I was recently brought into an organization that was struggling to implement IaC with the Open Source version of Terraform to support their AWS environment. With the right module structure and repeatable templates, we were able to set them up for success and fix issues they have been facing.

The problem

While Terraform is a great tool and a great time-saver, when it gets to more complex architectures like the ones described below, things can get unwieldy.

Conceptual — Existing Repo, Directory structure

The organization had 4 environments — Prod, Dev, Testing & QA and their existing directory structure for this kind of infrastructure looked as shown above. As you can see, there were single giant environment files for their base foundation (global and regional configuration). The problem here was that teams were copying terraform files between environments, which led to redundancy, inconsistency, and inefficiency.

Solution: Create Reusable Terraform Modules

We were able to resolve the above issue by templating terraform files and storing them into a central repo(see below — gray box).

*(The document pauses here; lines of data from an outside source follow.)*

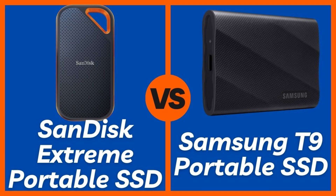Now, let's talk about the most critical factor: performance. This is where the two diverge significantly. The SanDisk Extreme Portable SSD connects via USB 3.2 Gen 2, offering impressive read speeds of up to 1050 MB/s and write speeds of up to 1,000 MB/s. This is incredibly fast for everyday tasks like photo editing, video playback, and quick file transfers — more than sufficient for most users.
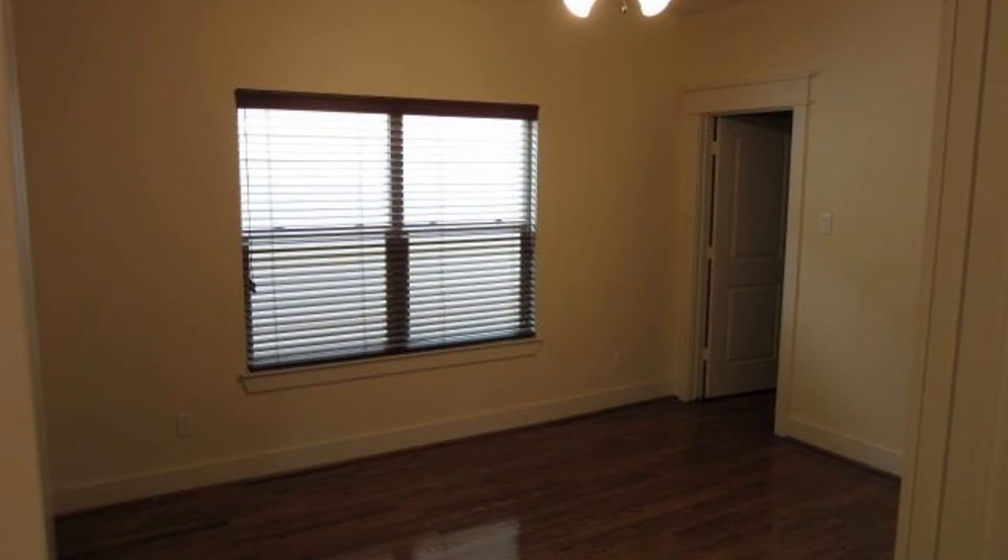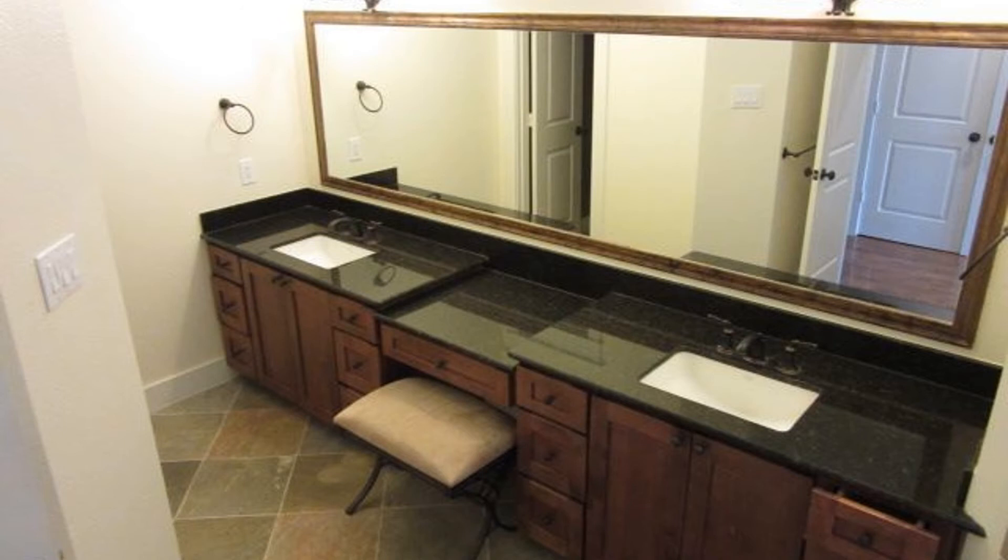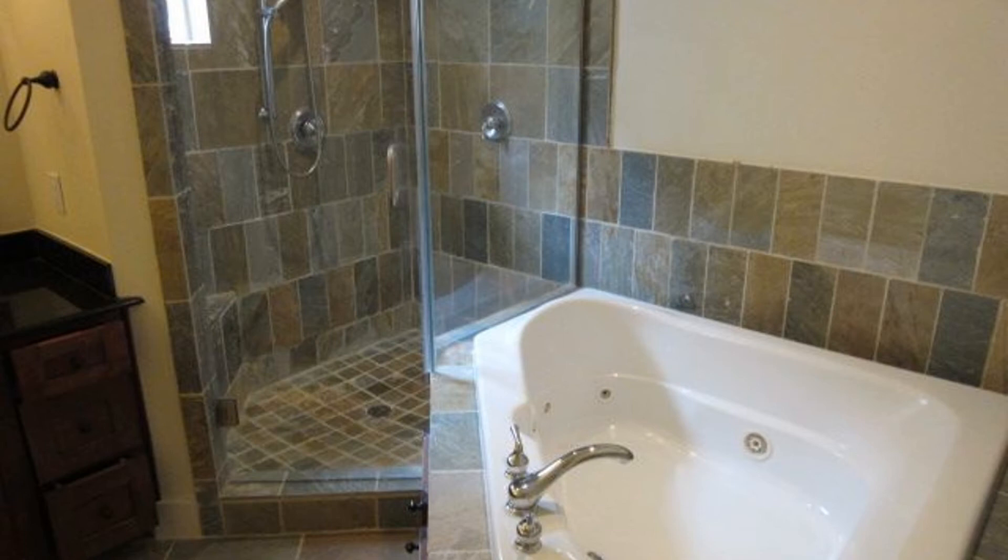The master bedroom is located on the second floor and it has a stunning master suite with slate floors, a frameless shower, a whirlpool tub, and granite countertops.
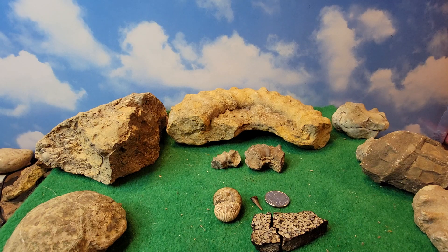Hello and welcome to today's relaxation station. Today I'd just like to show you some of the fossils that I found here in Texas along the creek beds.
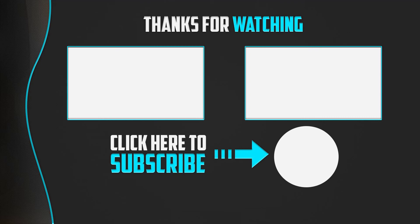Thanks for watching, guys. I hope you liked this video. If this video was helpful to you, please make sure to like, comment, and subscribe. If you have any questions related to these products, you can leave a comment down below and I will get back to you as soon as possible.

While spinning-up environments (prod, dev, QA and testing), each environment repo referred to a specific template directory within the central Template repo for deploying specific stack.

Below, I have conceptualized the environment and directory structure:

Conceptual — Updated Repo, Directory Structure

There are four repos in the production environment. Each repo has a list of parameters and Git source pointing to a specific directory in the Template repo. Templates are made flexible so that we can enter value based on size, count and the resource configuration. For example — a parameter of EC2 in production can have large instance type while other environments can be kept small. We can still use the same EC2 template and be able to stand up multiple instances of varying size in multiple environments without modifying the EC2 template file. The same would go for VPC, we can have a larger subnet size for the production environment and others can have relatively small CIDR size.

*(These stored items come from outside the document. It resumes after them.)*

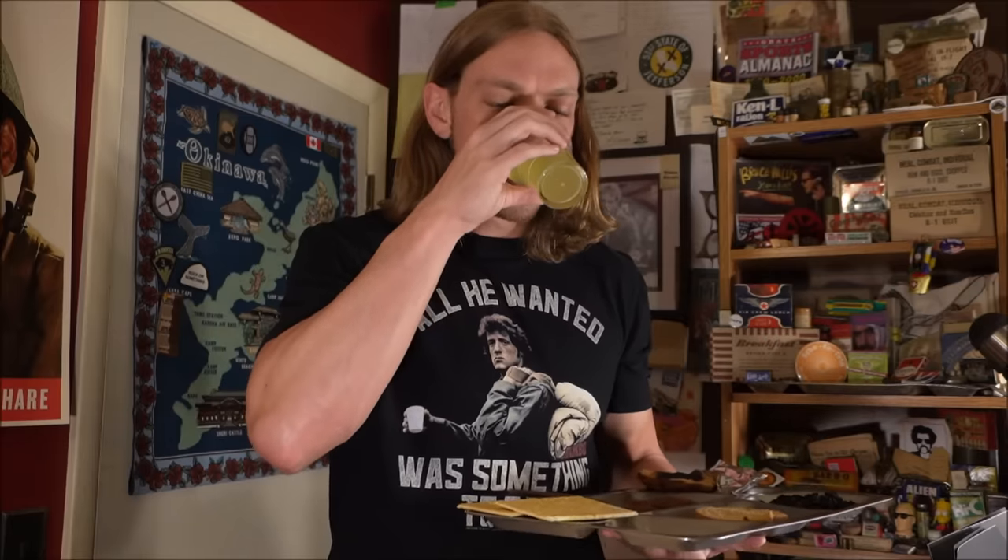This lemon lime beverage base - it's an unusual, like, zest. It's getting better as I drink it.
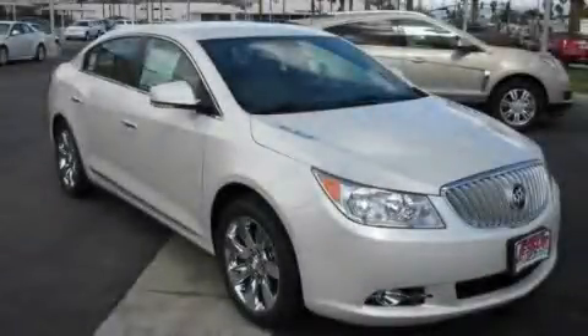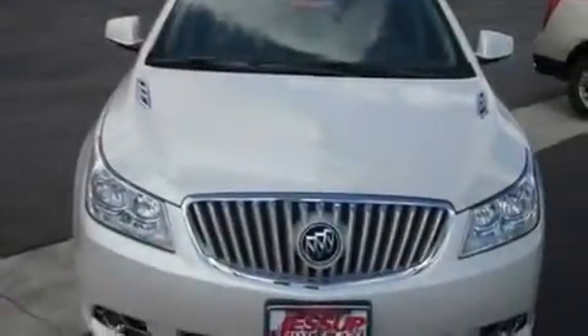This is a brand new 2011 Buick LaCrosse. It has a 3.6-liter six-cylinder engine and an automatic transmission.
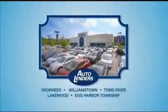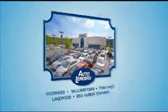See our Low Mileage One Owner Certified Cars at any of our five New Jersey showrooms or at Autolenders.com.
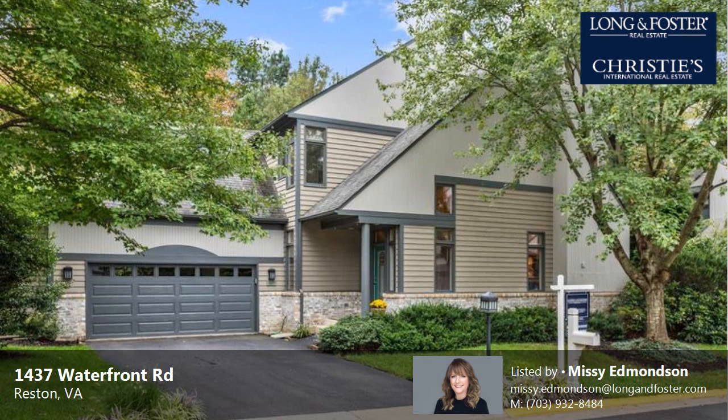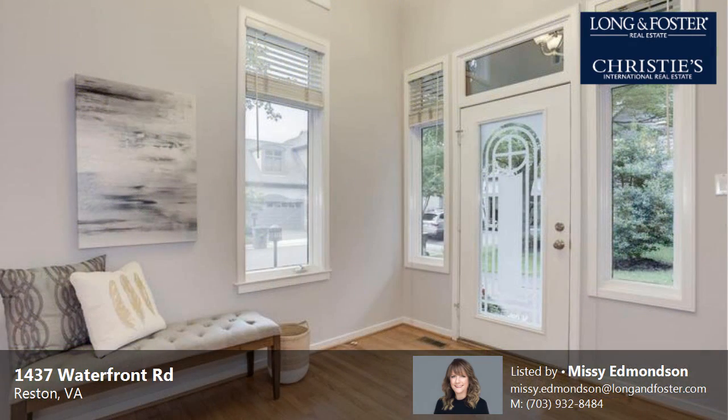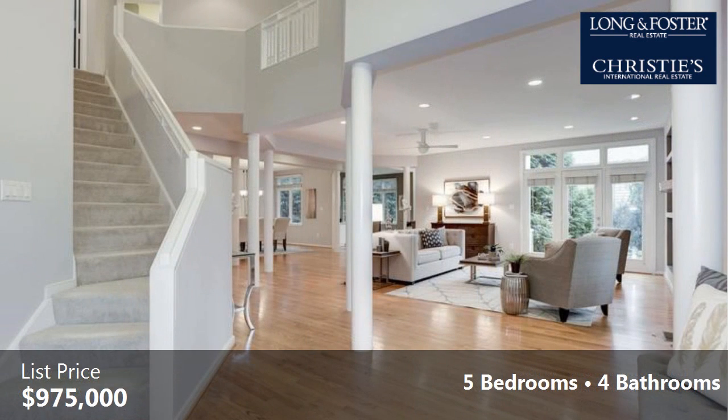This property is a five-bedroom, four full baths, contemporary design home. This property is listed for $975,000.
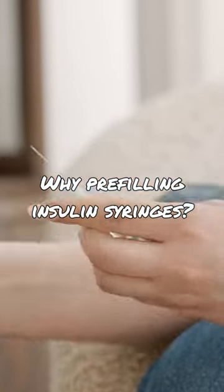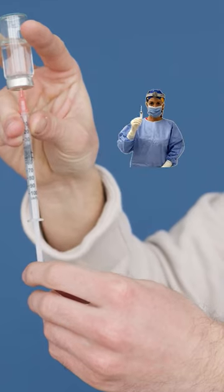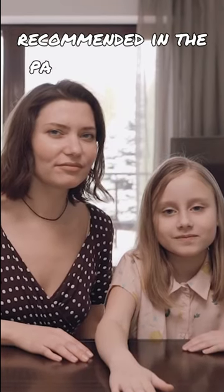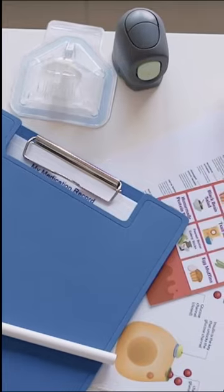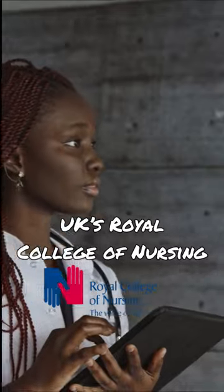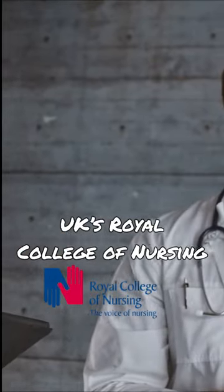Why pre-filling insulin syringes? There are various situations in medical settings in which pre-filling insulin syringes may be recommended in the patient's interest. While we have not found any specific guidelines from the United States health authorities, the UK's Royal College of Nursing recognizes and supports the practice of pre-filling insulin syringes.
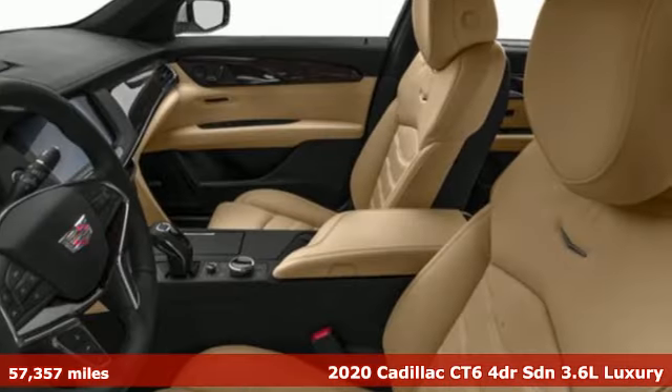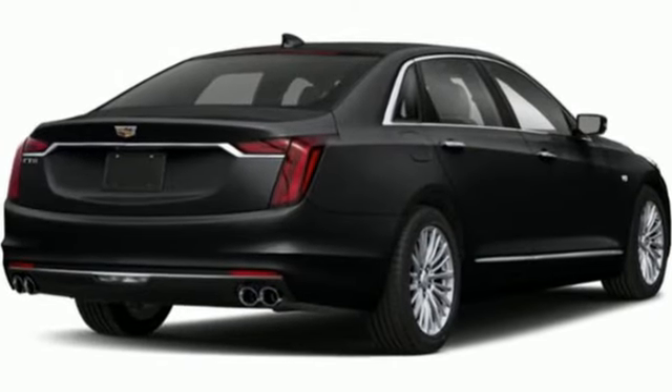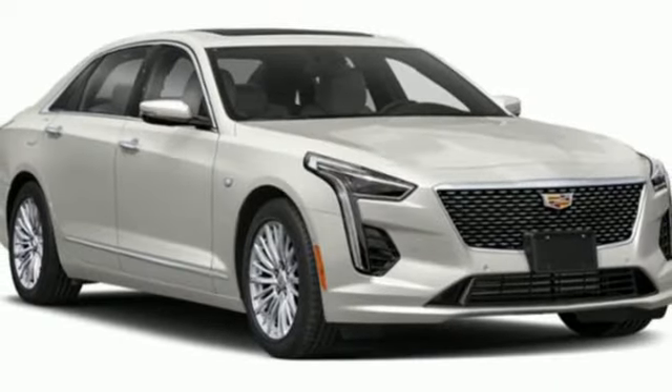And it comes with all the amenities you need: integrated navigation system with voice activation, front heated leather bucket seats, doors and push button start proximity key, and a V6 engine.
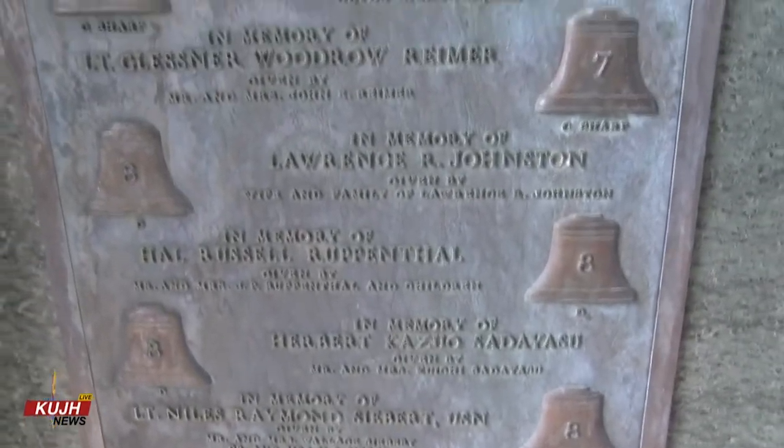For Alyssa, playing the carillon is a form of self-care. It feels like you're leaving your worries down below, and you go up there and open the windows and you can hear the birds or the cicadas. And then it's just you and the bells, and the sound of the bells just envelops you when you're up there. It's really exhilarating for me.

This solution helped the organization organize a formerly heavy environment that relied on copying and pasting Terraform files into centralizing templates and creating repos for each team per environment. It also enabled teams the autonomy of managing their repos and state files.

Today when we want to create a new AWS account, it goes through an automation process applying multiple layers in the order described below:

  1. Account BootStrap: Configures basic foundation at the global level — such as Logging, Monitoring, Enabling Security controls and adding basic IAM roles etc.
  2. Network layer: We chose two regions one as Primary and other for DR. Network team maintains their own repo which basically sets up Network components including VPC, Subnets, Routes, NACL, basic SG’s.
  3. Application layer: After the base foundation was set up, each application was pushed on top of the network within its own environment. If an application requires EC2, ECS or any other service, it would refer to a specific directory within the Template repo, and deploy the resources. Meanwhile, each app team was maintaining its own TF state.

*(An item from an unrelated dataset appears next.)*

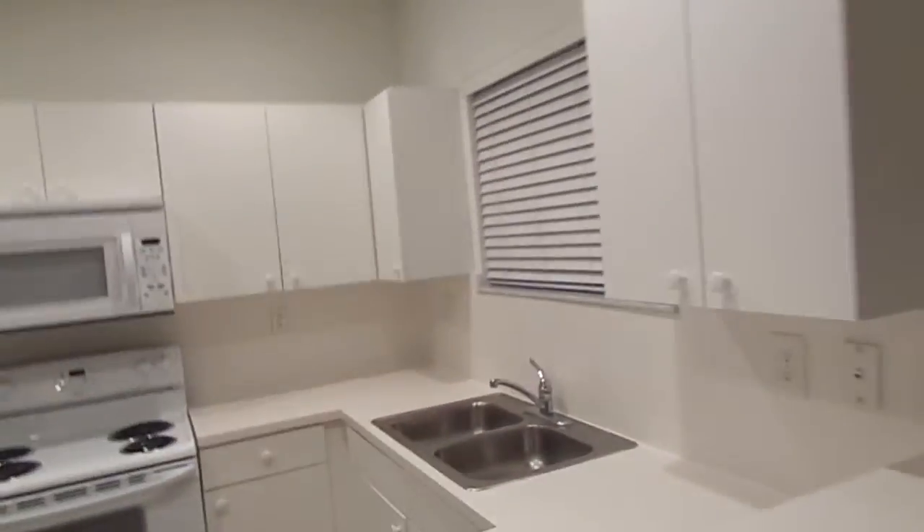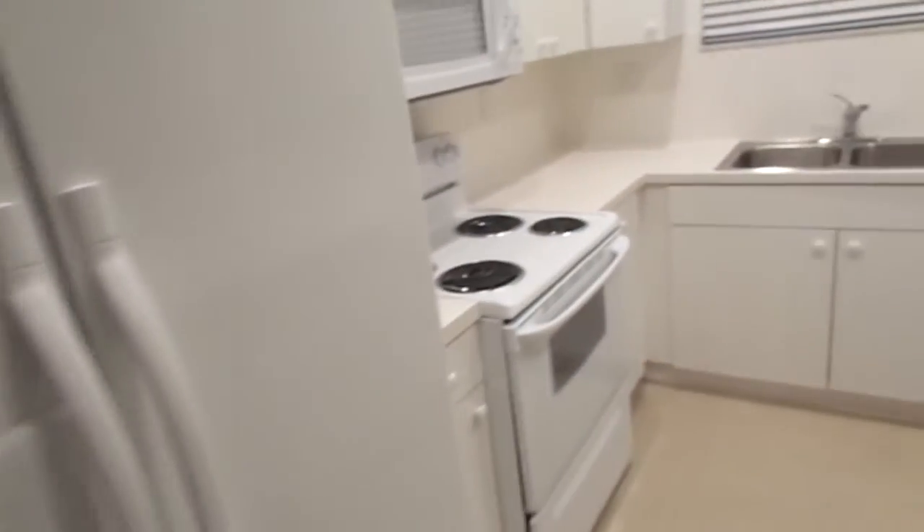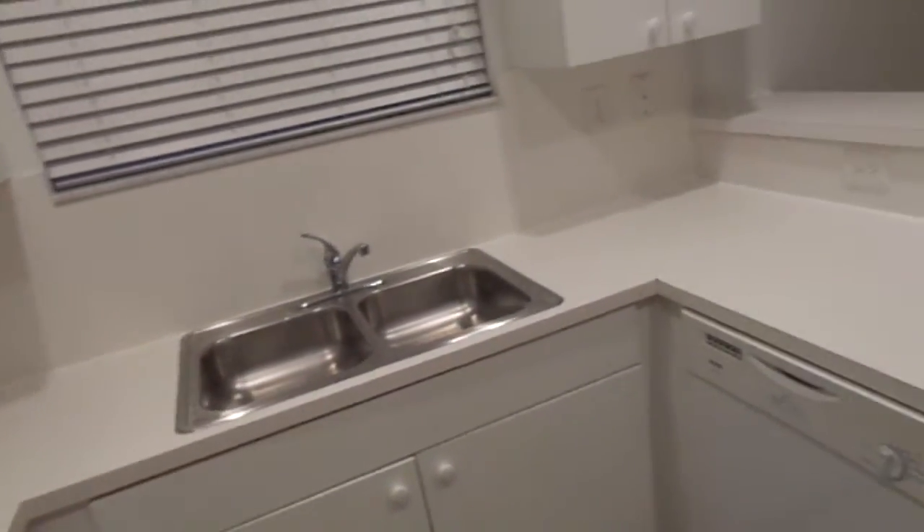Kitchen, all white, unfortunately. Better view. The appliances are not new in this unit.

In the above scenario, there was other layers set-up corresponding to governance, compliance, and security which have not been discussed here.

Managing State File:

This is a blog topic in of itself; however, I will just preliminarily describe how we managed state files. With the new approach, we now have multiple state files which can be cumbersome to manage but at the same time does not impact performance. If you have a single state file and it is being queried for every deployment, it affects the loading of modules when terraform is run which is not the case for multiple state files.

Each team manages single or multiple state files depending on their environment. For example — the production network team has multiple state files based on region. The state file is then shared with other State with other teams so they can refer them for dynamic querying of dependent resources. For example — When an application is deployed on ECS/EC2, the instance will require Subnet_id, which it will query from the Network state file.

Although, there are multiple ways to structure state files; the way we chose was by splitting state files per team. Each team can have one or more state files. For this solution, we ended up having 20 state files between 4 environments and 5 teams.

This is where Terraform Enterprise can be very beneficial for managing multiple state files. You can read more about .

Conclusion

By centralizing templates, Terraform code can be structured in such a way from the beginning that growing the code base won’t be without it’s growing pains, but a lot easier to scale and repeat across environments. There are many strategies a team can employ when building their modules and this solution is just one approach in a universe of possibilities.